Namun, kemajuan ini tidak menghentikan evolusi serangan. Menurut temuan Unit 42, para penyerang kini mengadopsi taktik yang lebih agresif dan manipulatif untuk memaksa korban membayar uang tebusan termasuk melalui penyamaran digital, pemanfaatan informasi palsu, bahkan dengan mengirim pesan fisik ke rumah eksekutif perusahaan.
“Kami menyaksikan perubahan nyata pada pendekatan pelaku ransomware, di mana taktik klasik seperti enkripsi data mulai digeser oleh strategi tekanan psikologis dan pemanfaatan orang dalam,” ungkap Philippa Cogswell, VP dan Managing Partner Unit 42 JAPAC, Palo Alto Networks.
Indonesia dalam Fokus Ancaman Siber
Di Indonesia, urgensi untuk memperkuat keamanan siber semakin besar. Laporan BSSN tahun 2024 mencatat lebih dari 330 juta trafik anomali, dengan 514 ribu insiden terkait ransomware.
Insiden berskala besar yang menargetkan sektor infrastruktur telah mendorong penyusunan Rancangan Undang-Undang Keamanan dan Ketahanan Siber yang diharapkan memperjelas peran lembaga dan meningkatkan respons hukum.
Seiring meningkatnya frekuensi dan kompleksitas serangan, sektor publik dan swasta mulai mengadopsi deteksi ancaman berbasis AI, yang mampu memberikan pemantauan real-time dan mitigasi lebih cepat terhadap vektor serangan yang semakin dinamis.
“Kami melihat pergeseran dari serangan berskala massal ke target yang lebih terfokus dan presisi tinggi,” ujar Adi Rusli, Country Manager Palo Alto Networks Indonesia.
Sorotan Temuan Kunci Unit 42 Kuartal I 2025
Beberapa tren utama yang diungkap dalam laporan terbaru Unit 42 mencakup:
- Pemerasan dengan tipu daya ekstrem: Pelaku kini mengirimkan tebusan dalam bentuk fisik ke alamat rumah para eksekutif, disertai klaim palsu mengenai data yang dicuri.
- Industri manufaktur masih jadi sasaran utama, disusul sektor grosir, ritel, dan layanan profesional.

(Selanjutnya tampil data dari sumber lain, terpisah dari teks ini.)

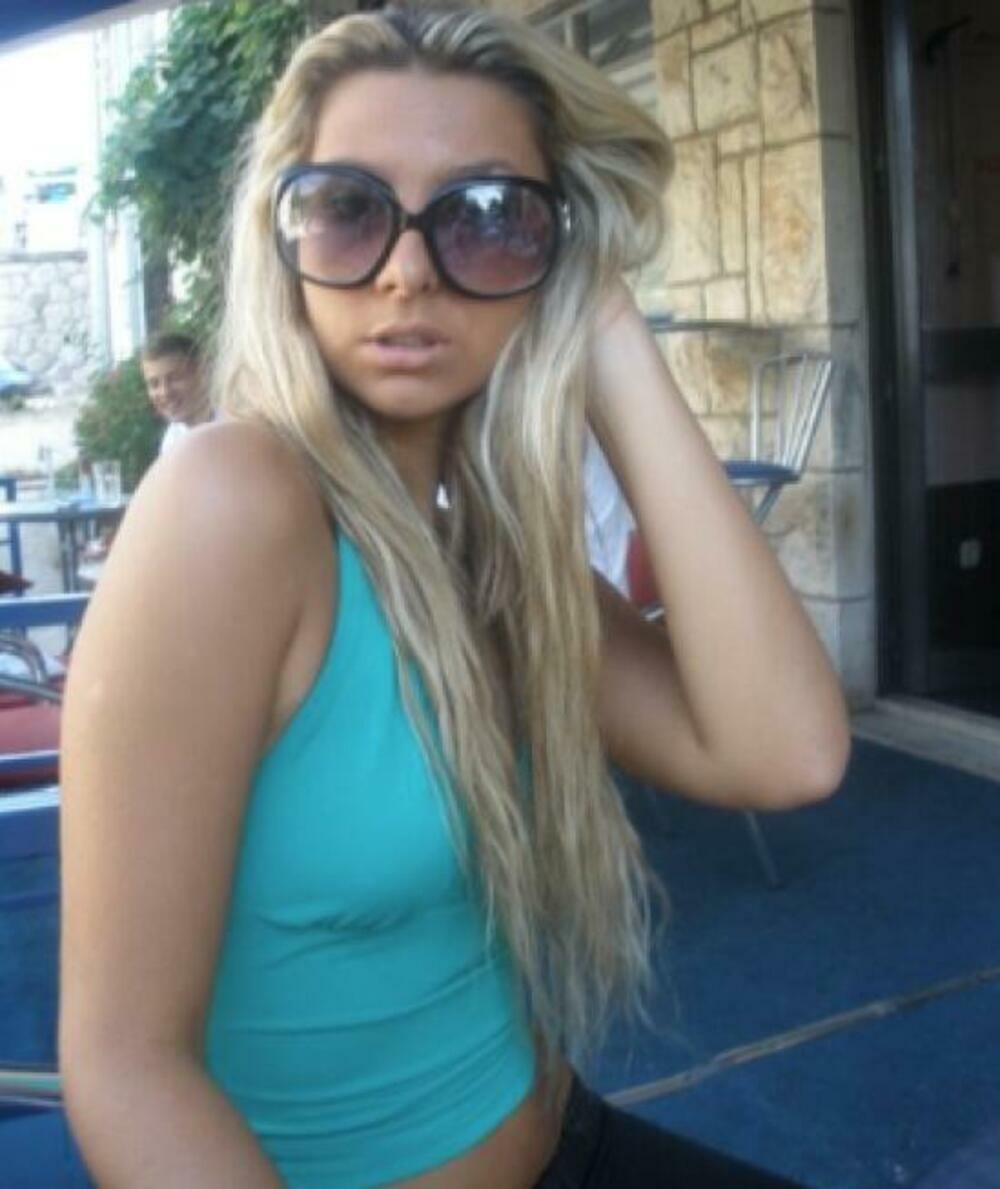 Ovako je Aneli Ahmić izgledala navodno pre opracija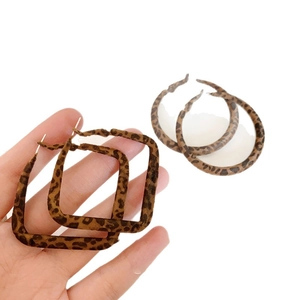 Boucles d'oreilles créoles géométriques chics en velours léopard rondes et carrées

- Amerika Serikat, Kanada, Inggris, dan Jerman tercatat sebagai wilayah yang paling banyak diserang berdasarkan lokasi kantor pusat.
- Ancaman terhadap cloud dan endpoint meningkat, dengan maraknya penggunaan “EDR killers” yang secara sistematis menonaktifkan sistem perlindungan endpoint.
- Pemanfaatan identitas buatan AI untuk serangan orang dalam meningkat, salah satunya dari operator Korea Utara yang menyamar sebagai pekerja TI jarak jauh dan mencuri kode proprietary.
- RansomHub menjadi varian ransomware paling aktif di awal 2025, mengalami lonjakan signifikan sejak pertengahan 2024.
Strategi Bertahan di Tengah Ancaman Siber yang Terus Berkembang
Ransomware bukan lagi ancaman yang bisa dihadapi dengan pendekatan reaktif. Organisasi perlu mengadopsi sistem keamanan proaktif berbasis AI dan otomatisasi yang menyeluruh, serta membangun kesadaran siber di seluruh tingkatan karyawan.
Dengan visibilitas yang komprehensif terhadap jaringan, serta dukungan regulasi dan investasi teknologi yang berkelanjutan, Indonesia dapat memperkuat pertahanannya dan menjadi contoh regional dalam menanggulangi eskalasi kejahatan siber yang semakin kompleks.
“Strategi keamanan modern membutuhkan visibilitas penuh atas jaringan dan respons otomatis terhadap perilaku mencurigakan. Investasi pada platform keamanan berkelanjutan dan edukasi pengguna menjadi pondasi yang wajib dimiliki setiap organisasi di Indonesia,” tutup Rusli.